» **Required action**
Reproduce all the records word for word. Omit images.

Stored items from a collection
──────

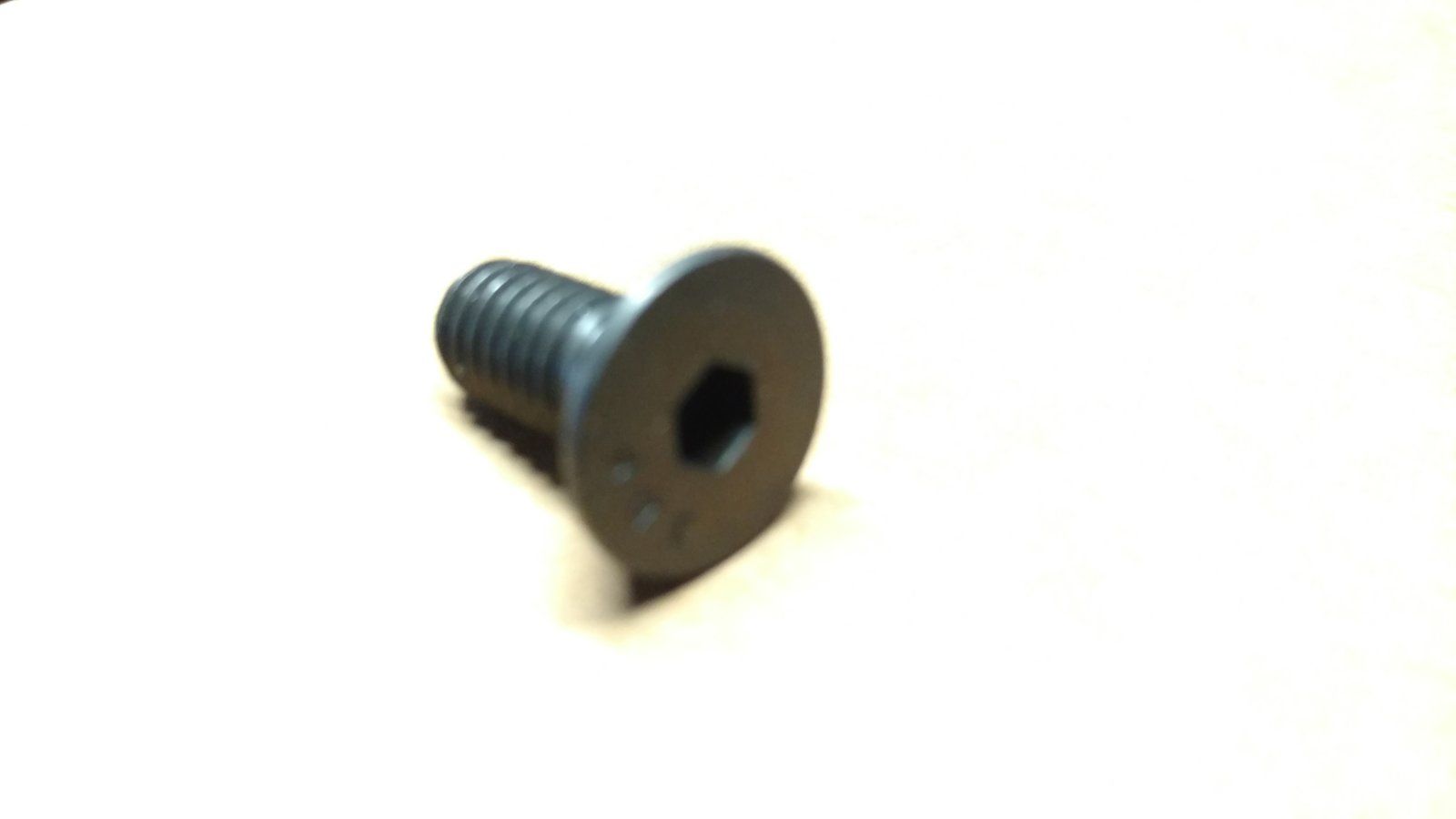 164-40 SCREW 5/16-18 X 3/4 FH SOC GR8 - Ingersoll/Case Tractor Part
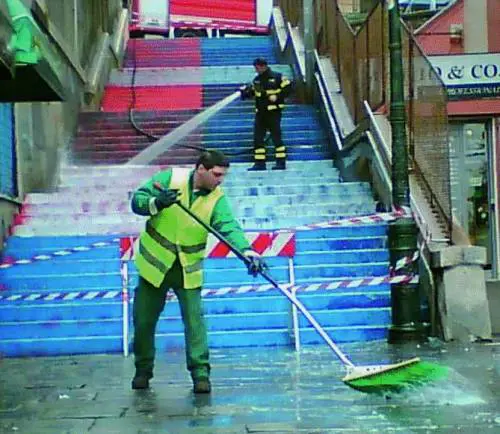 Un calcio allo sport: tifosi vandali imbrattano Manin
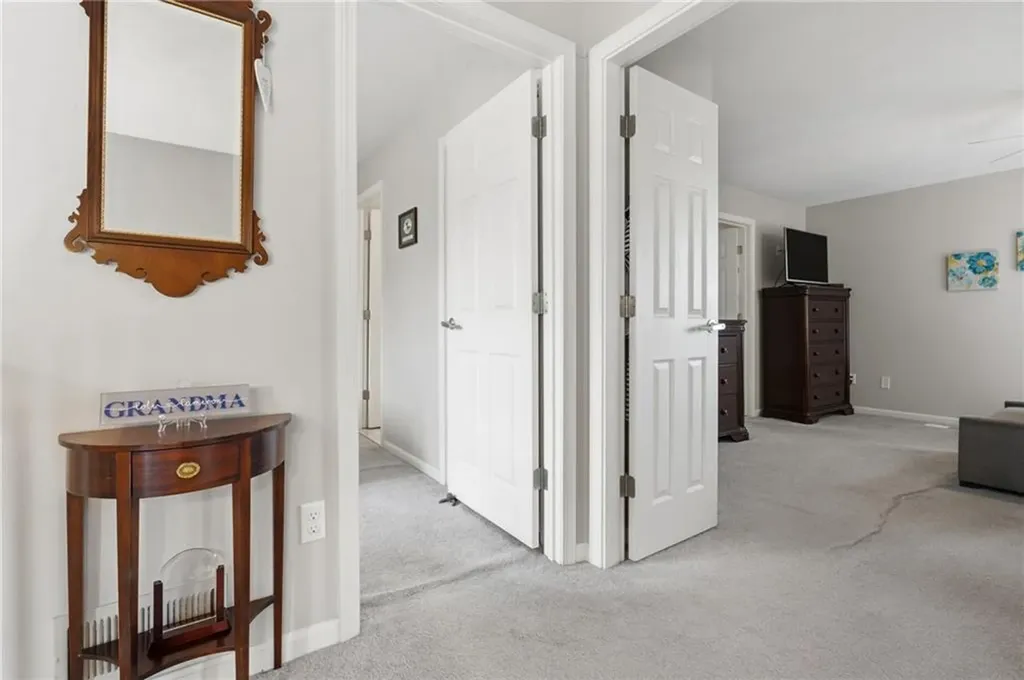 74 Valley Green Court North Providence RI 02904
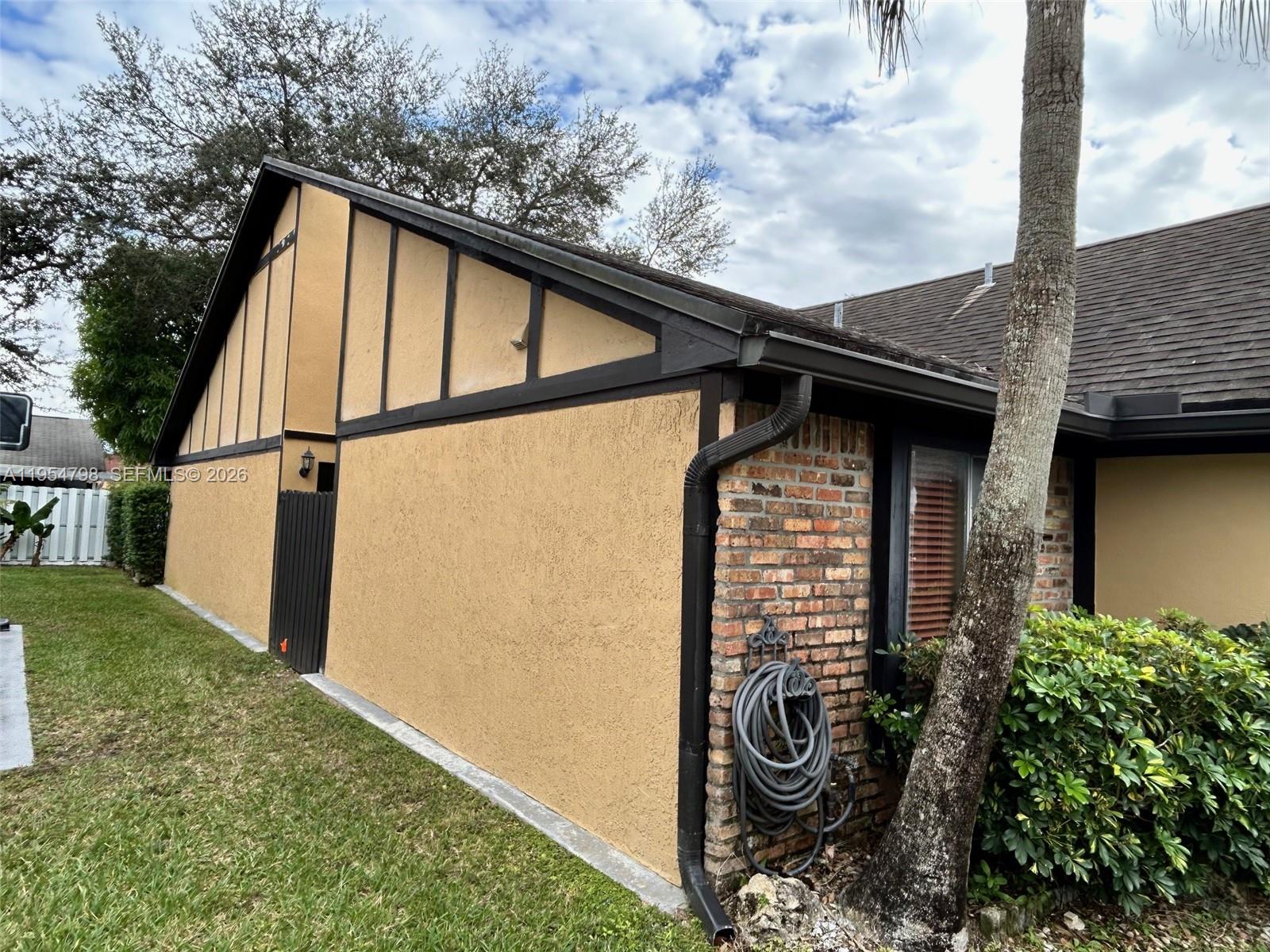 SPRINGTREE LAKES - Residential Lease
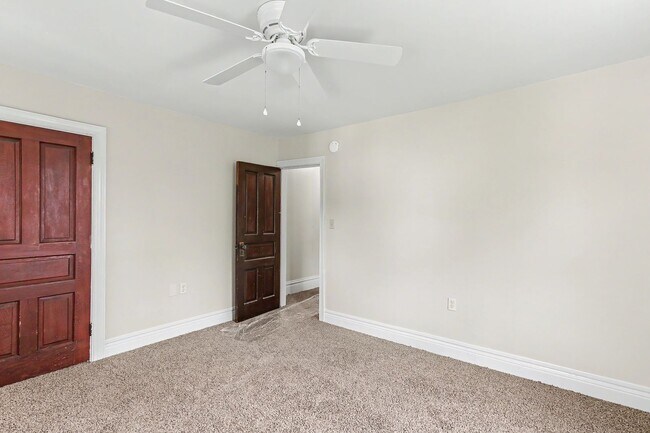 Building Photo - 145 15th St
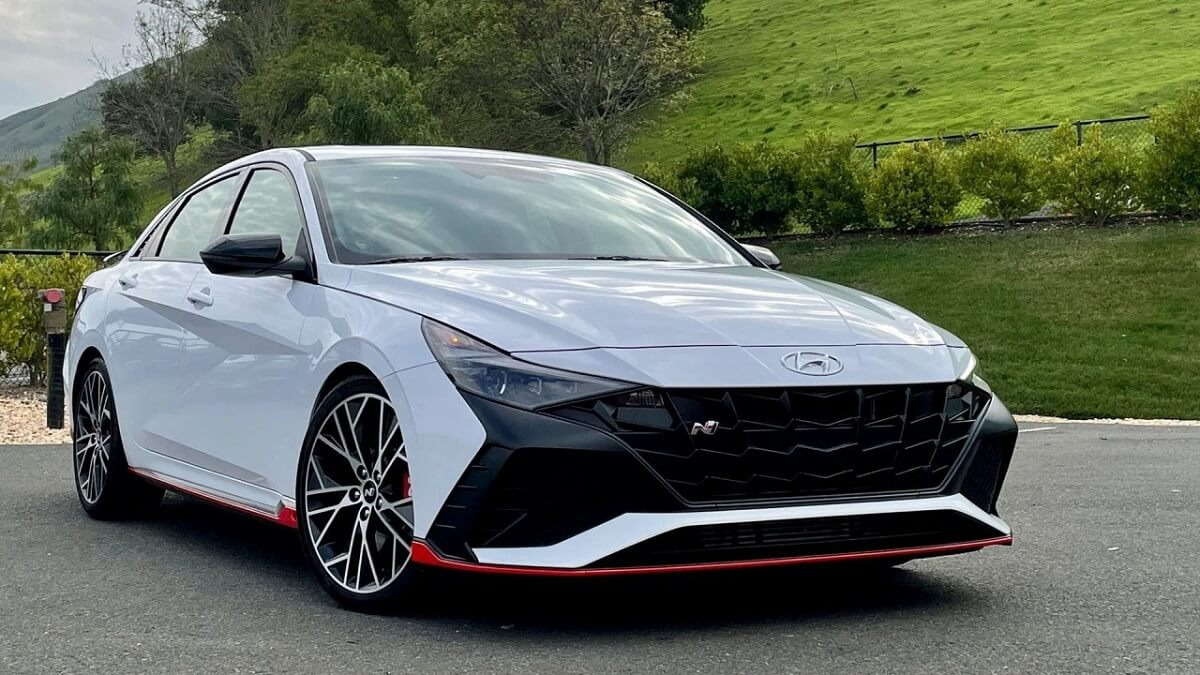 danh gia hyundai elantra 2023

──────

» **Answer section**
 164-40 SCREW 5/16-18 X 3/4 FH SOC GR8 - Ingersoll/Case Tractor Part
 Un calcio allo sport: tifosi vandali imbrattano Manin
 74 Valley Green Court North Providence RI 02904
 SPRINGTREE LAKES - Residential Lease
 Building Photo - 145 15th St
 danh gia hyundai elantra 2023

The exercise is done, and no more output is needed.